Our excellent and tireless archaeologist, Mr. Scott Warmuth, has once again discovered shards of English in Mr. Bob Dylan’s output that can be traced to other material. His muse having abandoned him mid-sentence sporadically throughout Chronicles, Dylan paged frantically through a 1961 Time magazine for phrases that could help him describe the cultural and political context of the 1960s. Then, either snickering with a shoplifter’s cheap sense of victory, or showing the mild and unreadable mien of the habitual liar , he dropped them into the holes in the sentences he’d left hanging. The purloined passages were skillfully sutured into the body of of nimble, vivid, and engaging prose that surrounded them, and lay there undetectable to the reader’s ear, and unattributed to their original author. The devil is in the details, is he not.

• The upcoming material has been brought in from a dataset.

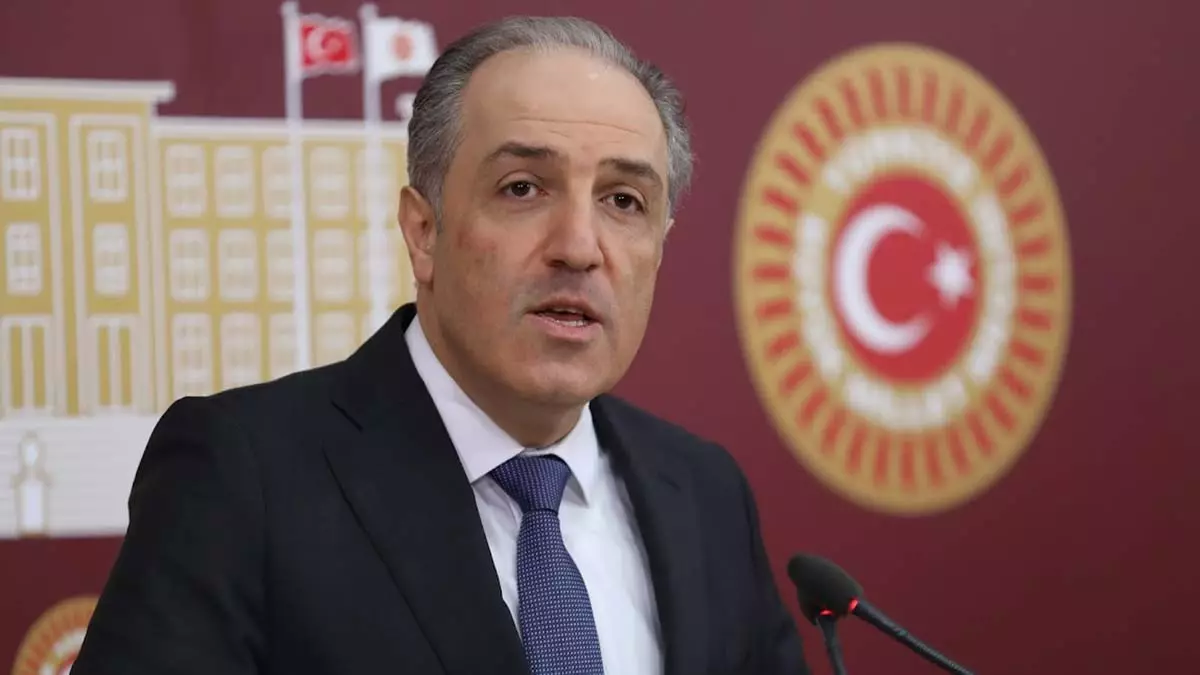 Yeneroğlu, kpss'ye giren öğretmen adaylarını sordu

This seems like a lot of work, but we know that Bob Dylan is practiced at his crimes. Stymied by the task he set himself to write a song that muses restlessly about the frustration and torpor of age, and the burden of memory, he paged through the memoirs of a dying Japanese gangster and luckily found just the phrases to round out lyrics that had left him stuck. Once again, another convenient, unattributed and unthanked writer saved our lazy and duplicitous hero the trouble of inspiration.

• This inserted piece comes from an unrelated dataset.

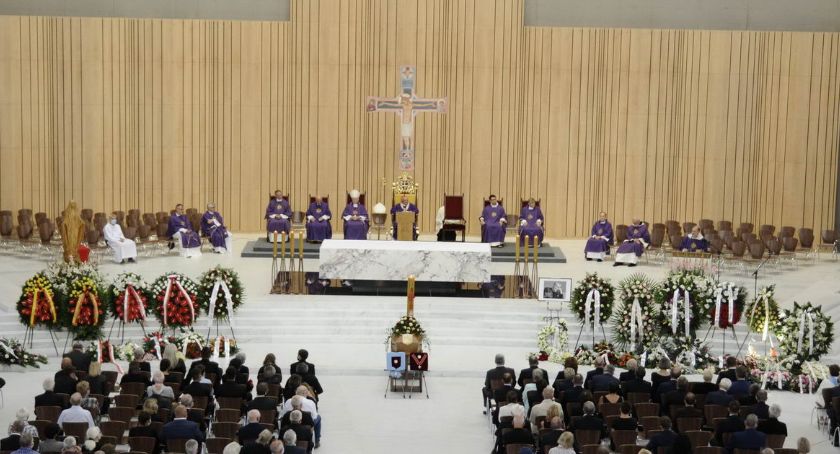 Pożegnaliśmy Henryka Wujca [ZDJĘCIA z uroczystości pogrzebowych]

We can relieve the anger and disappointment at Bob Dylan’s dereliction of originality, and we can give in and join him. The possibility can’t exist that Bob Dylan can scan text, store, retrieve, and synthesize language more quickly and unconsciously than we can. Nor that as the years go by, his reliance on facile memory and synthesis has grown. He’s a charlatan, picking and purloining and pretending, consciously, and betraying the sacred myth of the pure original artist. Let’s prove we can do it too. Give yourself a challenging writing assignment, something that demands a high degree of expressive and descriptive language, and that demonstrates a compelling and distinctive voice. Pull something off the shelf–maybe Montaigne’s essays, or last month’s Harper’s, or Mickey Mantle’s biography, or Bob Dylan’s memoirs. Flip through, pick out some phrases that appeal to you. Insert them into your piece of writing, disguising any seams in the tone, and voila. No irony here. If he can do it, you can too.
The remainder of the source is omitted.